Figure 16 summarizes the procedure necessary to categorize each of the 3000 ultrasonic datasets into the four lubricating conditions identified, namely: fully lubricated—fast rotation, insufficiently lubricated, fully lubricated—slow rotation, and partially lubricated. Initially, the raw ultrasonic dataset is processed using the amplitude-based routine detailed in Figure 8 to obtain reflection coefficient and ball pass frequency. A threshold was subsequently assigned to the ball pass frequency to filter out datasets where the bearing is not rotating or rotating very slowly. The histogram of the reflection coefficient measurements was subsequently computed. Finally, the number and locations of peaks within the histogram for each dataset was determined and the dataset was categorized accordingly.

5.2.2. Bearing Lubrication Condition Variation with Turbine Operation

Figure 17 illustrates the variation of bearing rotational speed deduced from ball pass frequency measurements from CH1 (as described in §4) across turbine operation for a complete month of data (September 2015). This month was selected as it contained the highest number of available datasets. Each point within the plot corresponds to a single ultrasonic dataset and the lubrication condition for each dataset is shown in color where red corresponds to an insufficiently lubricated condition, orange to a partially lubricated dataset, and green to a fully lubricated dataset.
Broadly comparing across the data, around 93% of the datasets were found to be fully lubricated (green) whilst around 4% are insufficiently lubricated (red).

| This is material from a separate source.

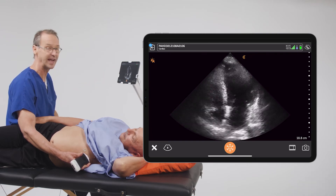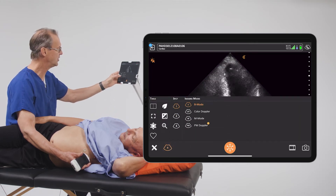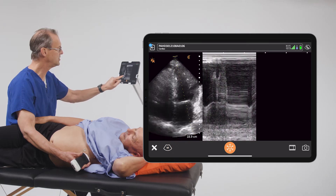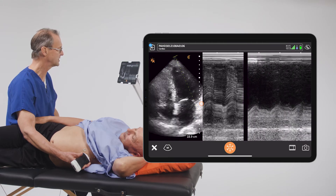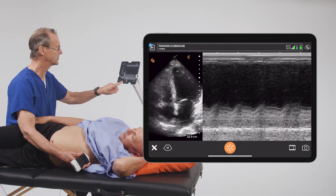It moves towards and away from the apex of the heart. To do this, we're going to go out of B-mode into M-mode and take our M-mode cursor and move it so that it goes over the mitral annulus — the lateral aspect of the mitral annulus — and we're trying to get the waveform that you see here on the screen.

Only less than 1% of the datasets were partially lubricated (orange) with 2% of the measurement captured during idle conditions.
Most of the fully lubricated datasets occur at the turbine steady operating speed of 1550 RPM whilst the insufficiently and partially lubricated conditions occur during transient operation, concentrated at rotational speeds of less than 200 RPM. This is as expected as the turbine is a fixed speed wind turbine and will operate at the rated speed of 1550 RPM regardless of wind speed, resulting in more measurements at rated speed. Since the lubricant pump operates proportionally with the turbine shaft speed, at the rated speed of 1550 RPM, lubricant is pumped at a consistent rate to the top of the gearbox, thus ensuring a constant flow of lubricant into the bearings.
During the transient operation phase (0–1549 RPM), the lubricant flow is at a lower rate and this is likely to be linked to instances of insufficient and partial lubrication. Instances of non-fully lubricated conditions also seemed to be clustered around each other and are not randomly distributed.
To better understand the distribution of bearing lubrication datasets across the rotational speed range, the datasets were sorted into 3 rotational speed groups of low (0–500 RPM), medium (501–1000 RPM), and high (1001–1550 RPM). This can be seen in Figure 18 where the 3 lubrication conditions were again color coded in red, orange, and green, respectively, to represent insufficiently lubricated, partially lubricated, and fully lubricated datasets for each rotational speed groups.
As predicted, insufficiently and partially lubricated bearing conditions occur exclusively at the low rotational speed group (0–500 RPM) whilst the medium and high-speed groups were in majority fully lubricated datasets. Almost all (99.9% (CH1) and 100% (CH2)) of the high-speed data sets are fully lubricated with only 1 dataset attributed to an insufficiently lubricated condition. This value was reduced to 97.5% (CH1) and 97.4% (CH2) for the medium speed datasets with the minority occupied by partially lubricated datasets. For the low speed group, measurements were distributed more with 67.6% fully lubricated, 17.6% partially, and 14.8% insufficiently lubricated datasets for CH1 whilst CH2 measurements register 56% for fully lubricated, 25.2% for partially, and 18.8% for insufficiently lubricated datasets. This again is expected as the lubrication system is activated proportionally with the HSS rotation.
Figure 19 demonstrates the relationship between the bearing lubrication condition and the HSS temperature, measured with a thermocouple on the gearbox casing, closest to the HSS position.
Measurements obtained during idle conditions show that the HSS temperature is concentrated around 52 °C when not operating. Insufficient and partially lubricated measurements are also observed to concentrate around the lower temperature region of 53 °C. For fully lubricated measurements, the majority of the datasets are concentrated within the 57.5 °C region, with a portion at the lower temperature region of 53 °C. A low HSS temperature would indicate less turbine activity (turbine idling) whilst a higher temperature would translate to steady, full-speed operation. The HSS temperature might also affect the lubricant viscosity and subsequently the flow of lubricant within the passive lubricating channels of the gearbox. At low temperatures, the lubricant is more viscous and thus flow is slower compared to higher temperature conditions. At higher temperature, lubricant flow through the systems of lubricating channels is potentially smoother, allowing the lubricant to refill the raceway region previously swept clean by the outgoing roller, ensuring lubricant is present on the raceway for the incoming roller. This, however, would adversely influence the film thickness in the contact as the lubricant viscosity is reduced.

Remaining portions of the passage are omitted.